È una storia eroica e inutile, come la vita dell’uomo. Un programma televisivo anni ’50, guardato da una nonna zoppa, da un bambino orfano troppo obbediente e da un cane comperato per far compagnia al bambino.
Il cane abbaia ai treni (il trenino giocattolo girando in tondo gli era passato una volta sulla coda, e il treno vero passa ogni ora davanti alla finestra del secondo piano). Il bambino va in triciclo, sempre in tondo, nel cortile, e quando diventa grande fa il ciclista di professione, obbediente e malinconico, allenato dalla nonna, sempre eguale a se stessa, amorosamente ottusa e romantica; durante il Tour de France, assieme ad altri brocchi sfiatati viene rapito dalla mafia francese e portato in America (a Belleville, che sarebbe poi New York) per fare da schiavo in un gioco mortale a scommesse.

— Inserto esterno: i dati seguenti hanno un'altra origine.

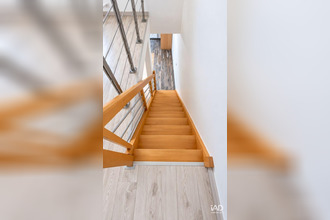 achat appartement corbeil-essonnes 91100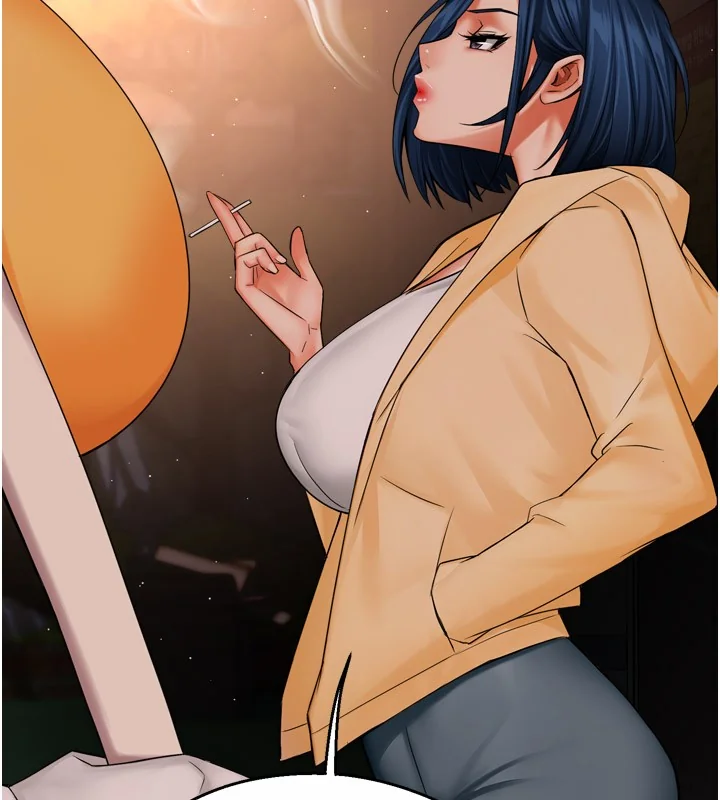 第48話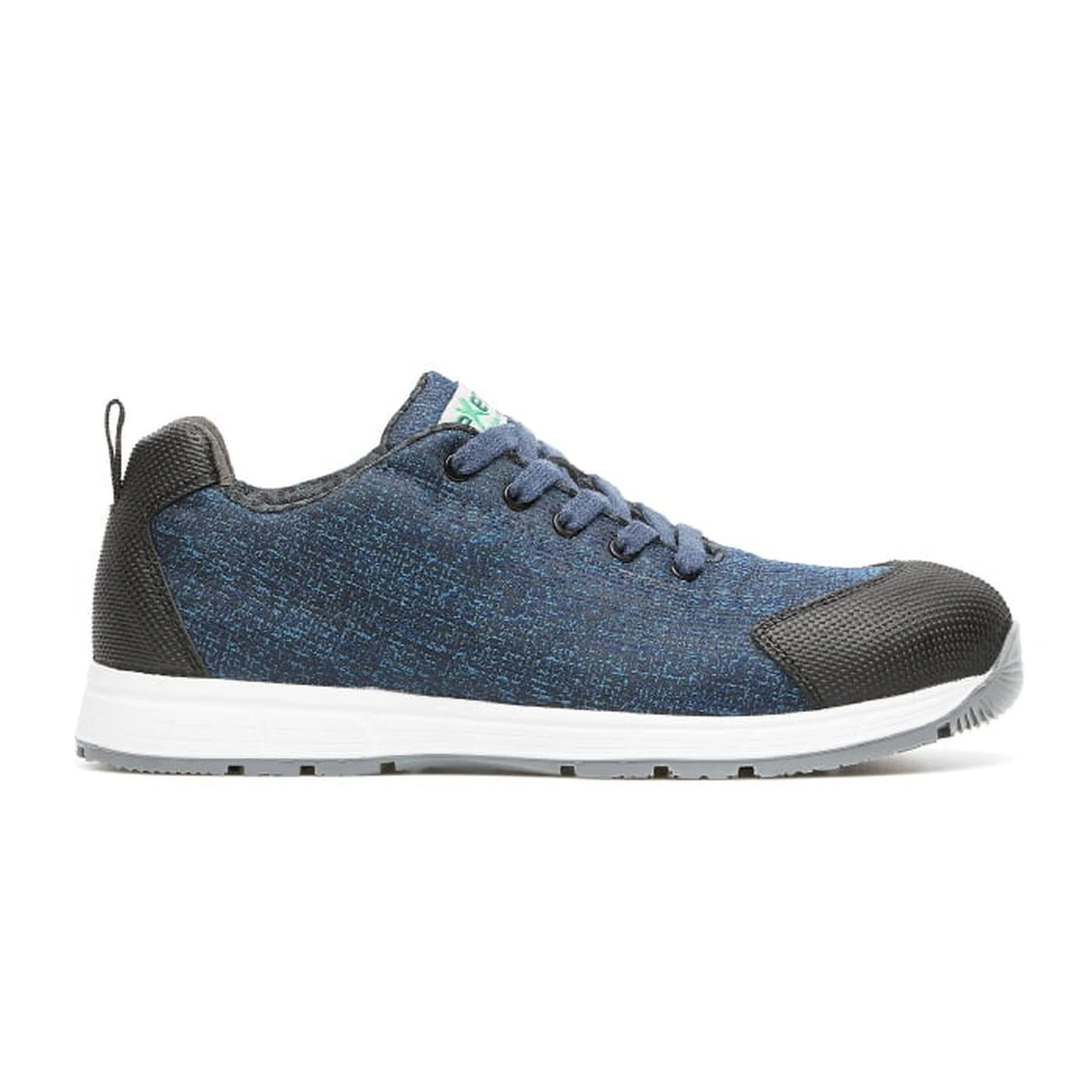 Pantofi Exena Ocean S1P SRC / Exena / Încălțăminte de protecție S1P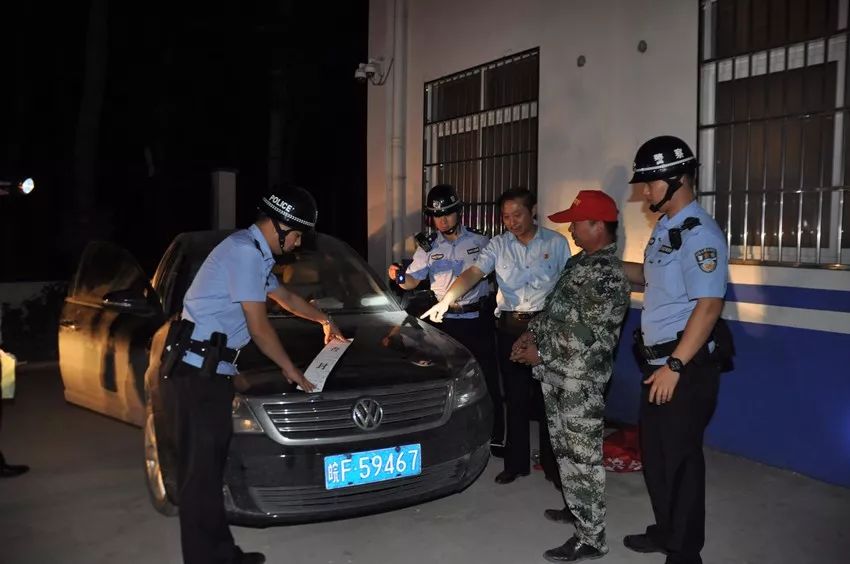 徐中明最新评价,徐中领导力培训心得体会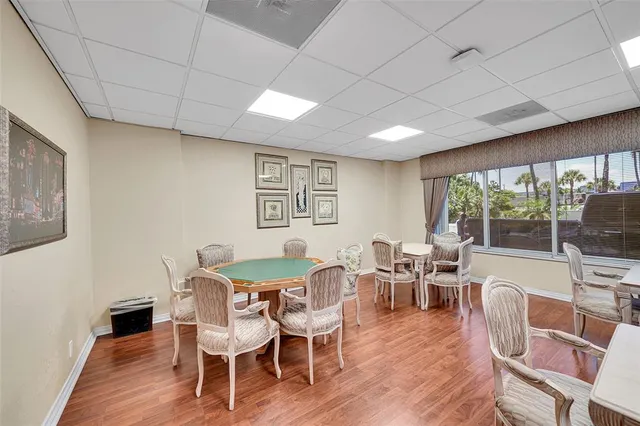 $440,000 | 3900 Galt Ocean Drive, Unit 708, Fort Lauderdale, FL 33308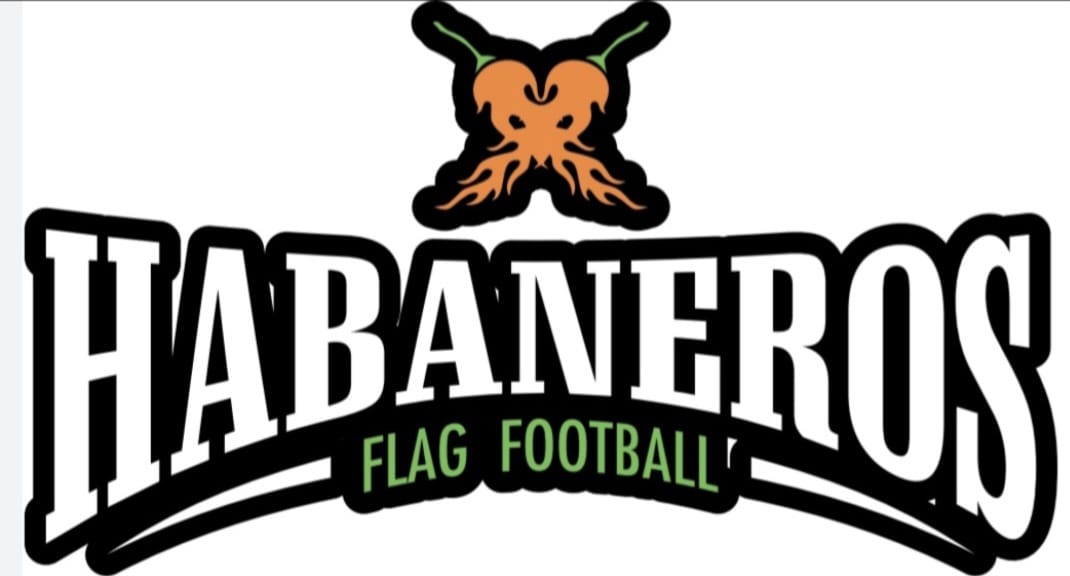 Habaneros U14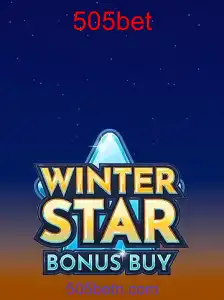 WinterStarBonusBuy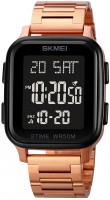 SKMEI 1859RGRGB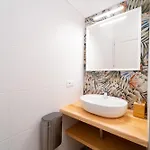 Velis - Art & Hospitality 4*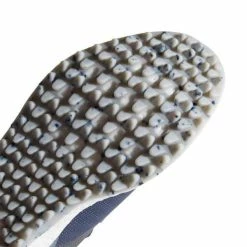 Adidas Crossknit DPR Golf Shoe Grey Indigo Blue - Mens Size 15 -Men's Apparel Shop Adidas Crossknit DPR Golf Shoe Grey Indigo Blue Mens Size 15 Shoes 3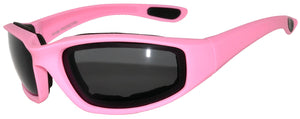 motorcycle sunglasses 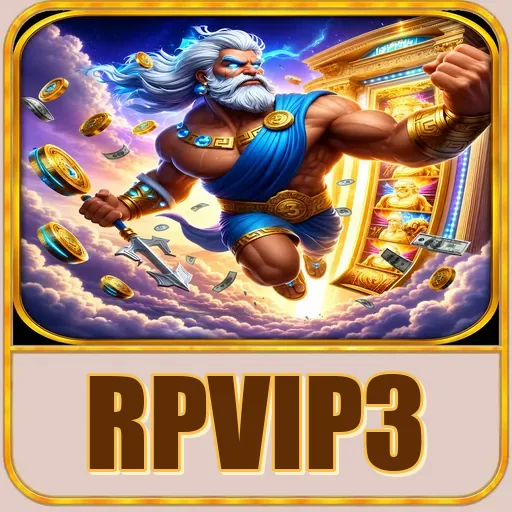 rpvip3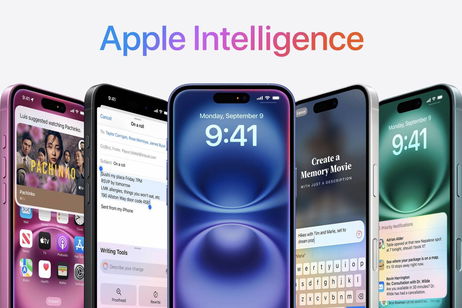 Apple ya tiene su aliada china para desarrollar funciones de IA para el iPhone. Y no, no es DeepSeek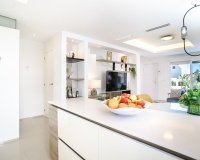 Revente - Villa - Ciudad Quesada - Costa Blanca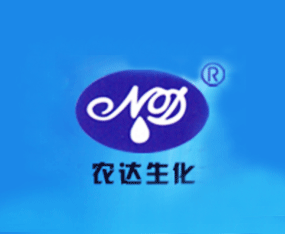 �����r(n��ng)�_(d��)������Ʒ���޹�˾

Mentre il tono del racconto e la qualità del disegno si fanno sempre più surreali, magici, teatrali, imprevedibili, grotteschi, la nonna traversa l’Atlantico inseguendo in pedalò la nave dei rapitori, incontra le tre protagoniste, invecchiate e bizzarre, della televisione anni ’50, col loro aiuto libera avventurosamente il nipote dalla tragica schiavitù e lo riporta a casa; a guardare, vecchio, obbediente e sempre malinconico, i programmi televisivi anni 2000.
La trama, circolare e disperata, non dovrebbe essere mai raccontata in anticipo, così come ho appena fatto; ma in questo caso la storia non è niente (!!!), e il modo con cui è raccontata è tutto. Indimenticabile.
Appuntamento a Belleville, Francia/Belgio/Canada 2003, animazione 78’, regia di Sylvain Chomet.